Search vendors, who have embraced facets and visualization, are no strangers to the concept of the “intuitive” user interface. Now, that idea is getting some push-back in a piece at the MIT Technology Review, “I’m Boycotting ‘Intuitive’ Interfaces.” It isn’t the slick and/or easy-to-use UIs themselves that writer John Pavlus has a problem with, but the impression that these designs just somehow “feel natural.” He writes:

“[Jef] Raskin points out (and any HCI expert or UI designer worth her salt will already know this) that ‘intuitive’ is just a sloppy quasi-synonym for ‘familiar.’ If you don’t feel like you have to learn how to use a tool–that you ‘just get it,’ that you ‘already know,’ or ‘it just works’–then it feels like it’s magically tapping into your ineffable ‘intuition.’ It ain’t. You still have to learn how to use it. It’s just that the more familiar it is (or seems), the less you notice the effort of that learning (or the less effort there will be to begin with).
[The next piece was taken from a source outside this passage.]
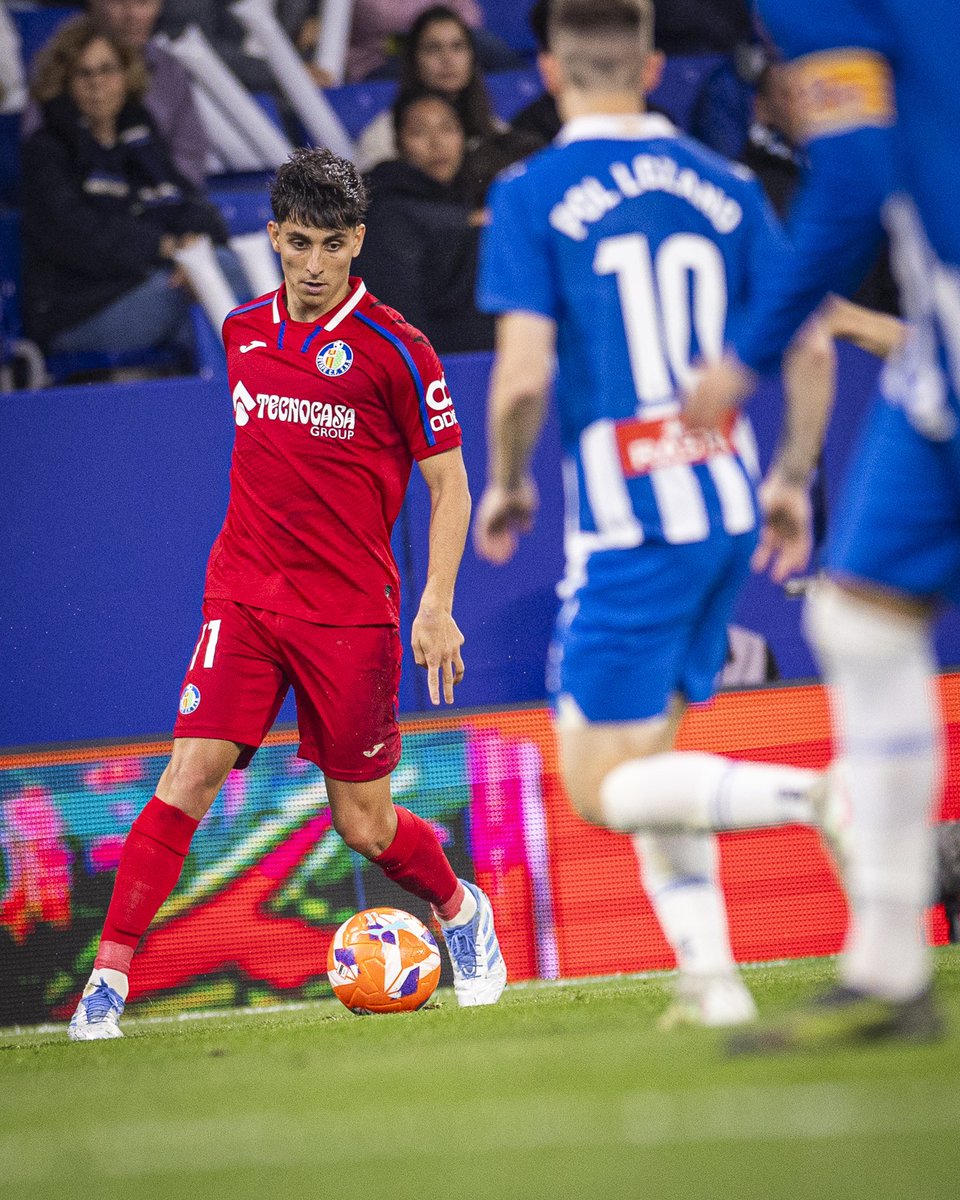 Toca hacer autocrítica y corregir errores. Desde ya, estamos mentalizados para el importante partido del miércoles en el Coliseum. ¡Vamos, Geta! 💙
A pen is ‘intuitive’ because you’ve used a zillion pens, pencils, crayons, markers, and stick-shaped inscriptor-tools in your life. A computer mouse is ‘intuitive’ for the same reason (if you were born in or after my generation). If you grew up 500 years ago in an agrarian society, you might think a plow or a scythe was pretty [darned] intuitive. Would you know what the $#*& to do with a plow if I put it in your hands right now?”

The man has a point. So what, one might ask, why not let UI designers (and marketers) continue to throw around the word “intuitive” willy-nilly? Because, Pavlus insists, it sets up unrealistic expectations for users. Besides, he asserts, trying to minimize the learning curve distracts designers from what should be their top priority—facilitating connections between people. I’m not sure I’m on board with his boycott of the term, but I expect I will now hear the word “familiar” in my head whenever I hear or read “intuitive.”